Germany: German chemicals and pharmaceuticals giant Bayer AG, yesterday announced that it would cut 6,100 jobs worldwide as part of the integration of newly-acquired drug maker Schering. Bayer said that it had already commenced talks with employee representatives.
To ease the burden of its Schering acquisition in June last year, Bayer signed an agreement to divest its diagnostics division to Siemens AG, from which it netted post-tax proceeds of €3.6 billion.
According to a statement from Bayer, "The integration of Schering with the pharmaceuticals division of Bayer will result in annual savings of €700 million each year from 2009." It added, "Adjustments to personnel requirements and the consolidation of processes and systems will each contribute about half to the targeted global synergy effects."
"We want to create an internationally successful pharmaceutical company with competitive cost structures," said Chairman Werner Wenning. "We said right from the start of the integration that job cuts would be necessary in order to achieve the synergy targets.

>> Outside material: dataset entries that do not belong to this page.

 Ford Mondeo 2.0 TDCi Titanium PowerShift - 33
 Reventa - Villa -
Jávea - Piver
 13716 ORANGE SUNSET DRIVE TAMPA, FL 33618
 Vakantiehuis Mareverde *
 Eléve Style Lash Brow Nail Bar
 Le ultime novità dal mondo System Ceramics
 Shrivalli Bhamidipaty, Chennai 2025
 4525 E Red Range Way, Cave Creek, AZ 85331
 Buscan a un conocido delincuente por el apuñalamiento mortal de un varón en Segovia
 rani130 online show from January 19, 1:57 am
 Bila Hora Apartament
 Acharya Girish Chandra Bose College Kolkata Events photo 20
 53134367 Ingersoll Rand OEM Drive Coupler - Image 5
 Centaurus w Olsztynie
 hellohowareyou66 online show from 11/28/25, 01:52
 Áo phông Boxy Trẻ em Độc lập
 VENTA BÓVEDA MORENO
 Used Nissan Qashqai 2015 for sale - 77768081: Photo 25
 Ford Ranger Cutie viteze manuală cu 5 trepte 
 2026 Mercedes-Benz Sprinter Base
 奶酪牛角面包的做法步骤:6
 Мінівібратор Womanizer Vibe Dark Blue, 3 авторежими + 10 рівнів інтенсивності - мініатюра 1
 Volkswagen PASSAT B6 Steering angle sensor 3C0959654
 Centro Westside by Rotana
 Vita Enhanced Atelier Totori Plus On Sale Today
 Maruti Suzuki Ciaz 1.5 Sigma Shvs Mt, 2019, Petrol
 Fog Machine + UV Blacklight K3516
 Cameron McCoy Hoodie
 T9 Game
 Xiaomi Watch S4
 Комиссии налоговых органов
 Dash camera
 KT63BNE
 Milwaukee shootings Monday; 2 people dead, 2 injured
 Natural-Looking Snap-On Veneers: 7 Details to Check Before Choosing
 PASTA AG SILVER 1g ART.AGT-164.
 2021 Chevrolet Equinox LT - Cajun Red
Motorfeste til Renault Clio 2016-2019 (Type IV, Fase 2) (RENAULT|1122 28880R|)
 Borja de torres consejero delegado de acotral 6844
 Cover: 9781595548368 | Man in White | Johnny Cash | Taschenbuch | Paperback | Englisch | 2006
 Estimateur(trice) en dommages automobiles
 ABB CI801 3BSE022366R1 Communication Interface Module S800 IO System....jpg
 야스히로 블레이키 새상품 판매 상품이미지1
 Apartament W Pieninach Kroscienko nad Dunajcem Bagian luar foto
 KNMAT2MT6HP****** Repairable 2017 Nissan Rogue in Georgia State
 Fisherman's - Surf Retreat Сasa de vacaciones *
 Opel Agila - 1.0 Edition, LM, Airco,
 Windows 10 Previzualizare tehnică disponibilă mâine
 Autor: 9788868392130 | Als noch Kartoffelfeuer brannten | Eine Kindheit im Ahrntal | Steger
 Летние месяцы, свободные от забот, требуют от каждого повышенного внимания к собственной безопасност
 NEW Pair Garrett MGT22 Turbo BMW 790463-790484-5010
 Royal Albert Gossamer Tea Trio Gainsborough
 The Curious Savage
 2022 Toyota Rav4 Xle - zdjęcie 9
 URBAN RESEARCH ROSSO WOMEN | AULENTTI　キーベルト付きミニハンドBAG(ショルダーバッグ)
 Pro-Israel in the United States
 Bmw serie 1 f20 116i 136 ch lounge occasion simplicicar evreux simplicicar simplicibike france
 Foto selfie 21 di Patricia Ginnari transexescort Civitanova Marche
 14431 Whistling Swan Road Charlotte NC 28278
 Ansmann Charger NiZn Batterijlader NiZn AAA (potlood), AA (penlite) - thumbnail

These essential streamlining measures are to be fairly implemented in a socially acceptable process, balanced across the globe," Wenning said. About 3,150 jobs to be cut were in Europe, of which 1,500 would be in Germany alone. Another 1,000 jobs would be axed in the US, 750 in the Asia-Pacific region and Japan, and 1,200 jobs in Latin America and Canada, Bayer said.
In terms of division, 1,400 jobs would be axed in Bayer's R&D activities, 1,850 in production and 2,850 in administration, the company continued.